UPCOMING EVENTS


Data Centres as Power System Loads

4 - 6 August 2026
Sebel Quay West Suites, Sydney

In-person only event

Presenters: Babak Badrzadeh & Sorrell Grogan

Target Audience for this technical course includes:

  • Power System Planning Engineers, Modelling Engineers and Operational Engineers involved in the design, operation, planning and management of power systems.

  • Energy Policy and Regulation Personnel working in regulatory bodies or organisations that govern power system planning, operations, and market mechanisms who have an engineering background.

  • Grid Connection Engineers responsible for assessing the impact of data centres and assessing agreed performance.

Cost: AUD 3,900 + GST Earlybird Rate: AUD 3,000+GST

About the course:

This three-day technical training course explores data centres as large power system loads, focusing on grid interaction, electrical architecture, and dynamic performance. Participants will develop a practical understanding of data centre fundamentals, including load characteristics, workload types, and power transfer architecture, while directly comparing these systems with inverter-based resources to identify key similarities and differences. The course examines critical subsystems such as UPS, energy storage, cooling infrastructure, and grid interfaces, with emphasis on operating modes, transfer pathways, and disturbance response.

Participants will be introduced to key technical issues including grid impacts, fault ride-through capability, transfer and reconnection risks, and the effects of workload ramps, variability, and oscillatory behaviour, including natural, forced, and torsional oscillations. The course draws on international incidents, standards, and emerging performance requirements to ground discussions in real-world experience.

The course also develops practical skills in dynamic modelling of data centres, including UPS systems, DC-link behaviour, cooling systems, and supervisory controls. Performance assessment, validation techniques, and monitoring approaches will be discussed as will case studies that illustrate real-world behaviour of data centres and broader system impacts.

Register to Attend

PREVIOUS EVENTS


System strength training

22 - 25 June 2026 (25 June half-day)
Quay West Suites, Melbourne

In-person only event

Presenter: Babak Badrzadeh

Target Audience for this technical course includes:

  • Power System Planning and Operational Engineers involved in the design, operation, planning and management of power systems.

  • Energy Policy and Regulation Personnel working in regulatory bodies or organisations that govern power system planning, operations, and market mechanisms who have an engineering background.

  • Grid Connection Engineers responsible for assessing the impact of system strength on generator performance and grid connections.

  • Renewable Energy Developers working on renewable energy zones (REZs) and integrating renewable technologies into power systems.

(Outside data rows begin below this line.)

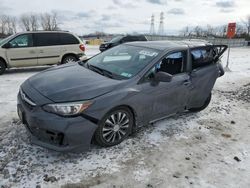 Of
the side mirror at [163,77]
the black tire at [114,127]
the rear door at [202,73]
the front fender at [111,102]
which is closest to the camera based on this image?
the front fender at [111,102]

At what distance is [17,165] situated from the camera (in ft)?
12.0

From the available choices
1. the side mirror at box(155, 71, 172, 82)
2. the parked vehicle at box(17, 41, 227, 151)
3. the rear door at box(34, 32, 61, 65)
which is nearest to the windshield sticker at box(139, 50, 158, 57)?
the parked vehicle at box(17, 41, 227, 151)

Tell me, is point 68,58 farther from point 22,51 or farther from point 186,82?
point 186,82

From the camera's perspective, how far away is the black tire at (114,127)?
3.97 metres

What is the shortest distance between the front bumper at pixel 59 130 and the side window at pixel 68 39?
785cm

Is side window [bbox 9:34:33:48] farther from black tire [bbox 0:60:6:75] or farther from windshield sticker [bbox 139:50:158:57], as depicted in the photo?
windshield sticker [bbox 139:50:158:57]

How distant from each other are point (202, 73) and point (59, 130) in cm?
331

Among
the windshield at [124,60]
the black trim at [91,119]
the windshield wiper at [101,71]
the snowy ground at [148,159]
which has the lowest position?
the snowy ground at [148,159]

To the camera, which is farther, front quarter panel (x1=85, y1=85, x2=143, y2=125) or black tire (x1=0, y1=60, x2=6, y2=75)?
black tire (x1=0, y1=60, x2=6, y2=75)

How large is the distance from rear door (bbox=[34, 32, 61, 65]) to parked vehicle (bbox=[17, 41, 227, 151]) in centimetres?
590

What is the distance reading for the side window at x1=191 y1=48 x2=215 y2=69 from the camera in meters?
5.45

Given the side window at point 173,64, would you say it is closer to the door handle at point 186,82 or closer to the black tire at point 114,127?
the door handle at point 186,82

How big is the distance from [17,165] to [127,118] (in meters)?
1.72

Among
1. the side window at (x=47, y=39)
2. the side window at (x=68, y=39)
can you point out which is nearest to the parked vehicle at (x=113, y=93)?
the side window at (x=47, y=39) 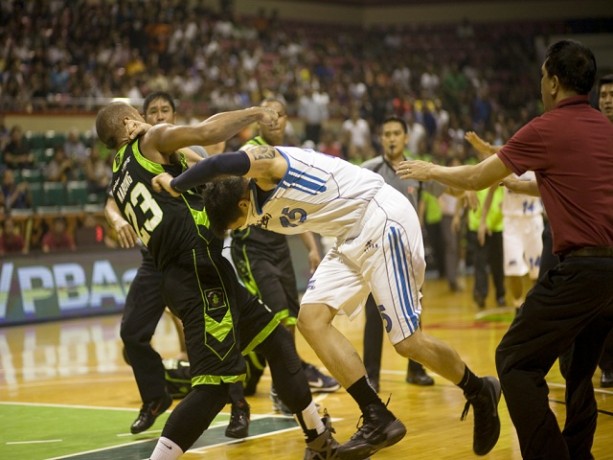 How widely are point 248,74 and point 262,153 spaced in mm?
20842

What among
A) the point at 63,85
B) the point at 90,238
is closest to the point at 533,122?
the point at 90,238

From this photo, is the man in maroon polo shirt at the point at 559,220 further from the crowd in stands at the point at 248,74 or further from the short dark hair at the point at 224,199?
the crowd in stands at the point at 248,74

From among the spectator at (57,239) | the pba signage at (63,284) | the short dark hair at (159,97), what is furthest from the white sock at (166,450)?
the spectator at (57,239)

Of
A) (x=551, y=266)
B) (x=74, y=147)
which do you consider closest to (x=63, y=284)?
(x=74, y=147)

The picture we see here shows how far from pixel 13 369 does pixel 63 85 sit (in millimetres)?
12525

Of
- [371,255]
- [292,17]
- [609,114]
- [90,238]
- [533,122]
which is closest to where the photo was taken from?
[533,122]

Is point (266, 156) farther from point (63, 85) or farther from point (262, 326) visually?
point (63, 85)

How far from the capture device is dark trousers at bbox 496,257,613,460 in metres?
5.15

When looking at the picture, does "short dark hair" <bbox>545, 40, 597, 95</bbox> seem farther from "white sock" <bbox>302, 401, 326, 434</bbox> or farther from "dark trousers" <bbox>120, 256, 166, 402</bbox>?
"dark trousers" <bbox>120, 256, 166, 402</bbox>

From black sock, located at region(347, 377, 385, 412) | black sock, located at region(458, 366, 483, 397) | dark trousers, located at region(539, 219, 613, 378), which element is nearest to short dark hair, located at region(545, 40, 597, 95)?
black sock, located at region(458, 366, 483, 397)

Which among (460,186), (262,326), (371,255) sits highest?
(460,186)

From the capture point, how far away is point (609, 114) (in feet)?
28.0

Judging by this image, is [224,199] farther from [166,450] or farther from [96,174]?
[96,174]

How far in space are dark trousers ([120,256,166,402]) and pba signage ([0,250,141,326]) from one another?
7170 millimetres
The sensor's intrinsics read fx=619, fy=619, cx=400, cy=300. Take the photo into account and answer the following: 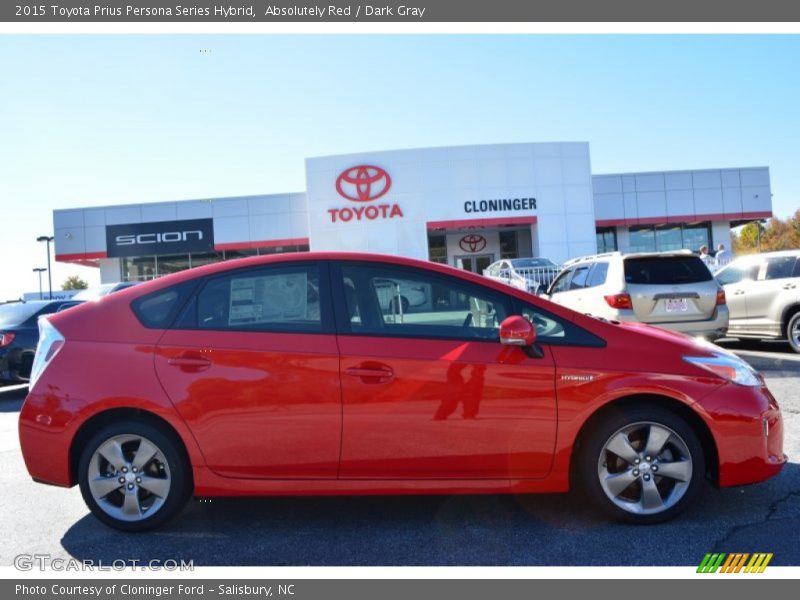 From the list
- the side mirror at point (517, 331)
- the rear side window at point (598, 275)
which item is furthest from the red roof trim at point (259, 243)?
the side mirror at point (517, 331)

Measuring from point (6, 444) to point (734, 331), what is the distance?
10337 mm

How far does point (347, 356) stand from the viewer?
3457mm

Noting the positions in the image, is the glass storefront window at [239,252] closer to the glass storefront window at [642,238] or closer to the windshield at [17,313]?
the glass storefront window at [642,238]

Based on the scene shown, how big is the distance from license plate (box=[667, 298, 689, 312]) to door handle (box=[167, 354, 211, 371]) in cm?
656

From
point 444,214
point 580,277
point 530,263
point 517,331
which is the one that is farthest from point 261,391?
point 444,214

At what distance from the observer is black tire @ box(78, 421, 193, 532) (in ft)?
11.6

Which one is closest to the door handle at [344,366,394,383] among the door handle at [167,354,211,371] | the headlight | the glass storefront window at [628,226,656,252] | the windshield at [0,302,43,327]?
the door handle at [167,354,211,371]

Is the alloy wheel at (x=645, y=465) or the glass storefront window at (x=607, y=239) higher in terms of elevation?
the glass storefront window at (x=607, y=239)

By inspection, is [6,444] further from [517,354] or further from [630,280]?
[630,280]

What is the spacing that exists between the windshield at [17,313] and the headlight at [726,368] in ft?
30.2

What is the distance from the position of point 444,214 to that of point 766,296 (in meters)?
21.3

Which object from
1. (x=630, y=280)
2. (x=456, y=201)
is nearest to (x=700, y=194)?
(x=456, y=201)

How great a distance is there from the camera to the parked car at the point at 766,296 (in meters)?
9.55

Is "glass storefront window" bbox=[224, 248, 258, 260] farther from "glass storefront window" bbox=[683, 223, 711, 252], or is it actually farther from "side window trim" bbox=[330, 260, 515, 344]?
"side window trim" bbox=[330, 260, 515, 344] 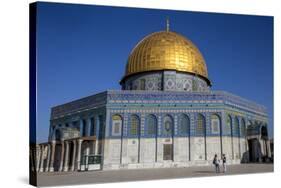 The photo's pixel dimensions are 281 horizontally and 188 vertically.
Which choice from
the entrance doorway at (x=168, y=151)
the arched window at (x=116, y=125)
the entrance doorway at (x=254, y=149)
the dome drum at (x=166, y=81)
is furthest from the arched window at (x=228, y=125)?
the arched window at (x=116, y=125)

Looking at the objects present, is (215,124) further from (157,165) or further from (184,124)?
(157,165)

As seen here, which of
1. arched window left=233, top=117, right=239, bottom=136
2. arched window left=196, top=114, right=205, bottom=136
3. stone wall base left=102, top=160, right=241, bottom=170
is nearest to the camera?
stone wall base left=102, top=160, right=241, bottom=170

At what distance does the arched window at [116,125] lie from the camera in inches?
683

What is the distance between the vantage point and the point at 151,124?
Answer: 17859 millimetres

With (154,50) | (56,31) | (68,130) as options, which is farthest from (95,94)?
(154,50)

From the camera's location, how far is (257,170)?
17016 millimetres

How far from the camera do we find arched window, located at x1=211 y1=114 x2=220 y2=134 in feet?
61.7

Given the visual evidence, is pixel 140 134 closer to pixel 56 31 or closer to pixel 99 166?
pixel 99 166

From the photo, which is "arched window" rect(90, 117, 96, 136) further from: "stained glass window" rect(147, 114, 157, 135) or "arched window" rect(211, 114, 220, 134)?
"arched window" rect(211, 114, 220, 134)

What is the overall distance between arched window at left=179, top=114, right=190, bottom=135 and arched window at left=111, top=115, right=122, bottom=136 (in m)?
2.40

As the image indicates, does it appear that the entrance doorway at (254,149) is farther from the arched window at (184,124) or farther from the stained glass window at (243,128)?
the arched window at (184,124)

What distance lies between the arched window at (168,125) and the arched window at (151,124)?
39cm

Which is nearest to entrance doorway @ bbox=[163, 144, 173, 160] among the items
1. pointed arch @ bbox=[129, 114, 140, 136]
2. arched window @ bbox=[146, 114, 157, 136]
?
arched window @ bbox=[146, 114, 157, 136]

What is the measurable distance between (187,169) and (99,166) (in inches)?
124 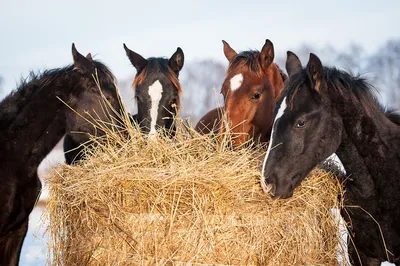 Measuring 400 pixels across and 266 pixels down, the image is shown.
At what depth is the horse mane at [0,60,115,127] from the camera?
5.07 m

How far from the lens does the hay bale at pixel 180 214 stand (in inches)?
135

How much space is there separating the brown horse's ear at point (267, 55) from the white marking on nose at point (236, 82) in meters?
0.33

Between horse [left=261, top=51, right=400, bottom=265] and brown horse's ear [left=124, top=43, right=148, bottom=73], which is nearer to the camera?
horse [left=261, top=51, right=400, bottom=265]

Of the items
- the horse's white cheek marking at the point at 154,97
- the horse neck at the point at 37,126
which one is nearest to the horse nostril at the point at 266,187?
the horse's white cheek marking at the point at 154,97

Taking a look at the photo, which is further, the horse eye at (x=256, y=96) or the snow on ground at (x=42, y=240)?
the horse eye at (x=256, y=96)

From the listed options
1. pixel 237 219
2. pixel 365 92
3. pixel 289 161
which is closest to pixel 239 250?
pixel 237 219

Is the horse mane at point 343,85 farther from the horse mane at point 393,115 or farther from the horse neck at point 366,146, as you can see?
the horse mane at point 393,115

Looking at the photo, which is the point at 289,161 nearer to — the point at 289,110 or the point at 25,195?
the point at 289,110

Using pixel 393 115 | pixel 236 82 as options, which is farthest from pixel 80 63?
pixel 393 115

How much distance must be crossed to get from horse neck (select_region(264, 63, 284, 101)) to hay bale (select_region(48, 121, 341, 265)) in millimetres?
1835

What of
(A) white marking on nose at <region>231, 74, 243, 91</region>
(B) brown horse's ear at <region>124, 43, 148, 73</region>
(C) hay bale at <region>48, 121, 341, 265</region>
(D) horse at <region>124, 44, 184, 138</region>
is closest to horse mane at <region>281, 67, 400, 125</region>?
(C) hay bale at <region>48, 121, 341, 265</region>

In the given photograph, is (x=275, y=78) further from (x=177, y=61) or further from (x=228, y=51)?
(x=177, y=61)

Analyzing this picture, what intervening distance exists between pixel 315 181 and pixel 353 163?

  • Academics and Researchers studying power systems stability, dynamics, and quality, and exploring innovative mitigation measures or screening methods.

About the course:

A 3.5-day intensive training program covering the fundamentals of system strength, its implications for planning, operations and grid connections, power quality and protection challenges, and practical screening methods. The course is intended for power system engineers, planners, network operators, renewable energy developers, OEMs, consultants, regulators and technical managers who need to understand how system strength is changing in power systems with high levels of inverter-based resources. It is particularly relevant for those involved in system planning, real-time operations, connection studies, power quality, protection, and the assessment of grid-following and grid-forming inverter technologies.

Participants will gain a clearer and more practical understanding of why system strength is no longer just a fault-level issue, and how low system strength can affect stability, voltage waveform quality, protection performance, inverter control behaviour and project risk. The course is designed to help attendees make better technical judgements, ask more informed questions, interpret study results more effectively, and identify credible mitigation options such as synchronous condensers, grid-forming inverters and control-system tuning. As the technical performance envelope of modern power systems continues to evolve, this course provides a structured and practical way to build confidence in one of the most important challenges for secure and efficient grid transformation.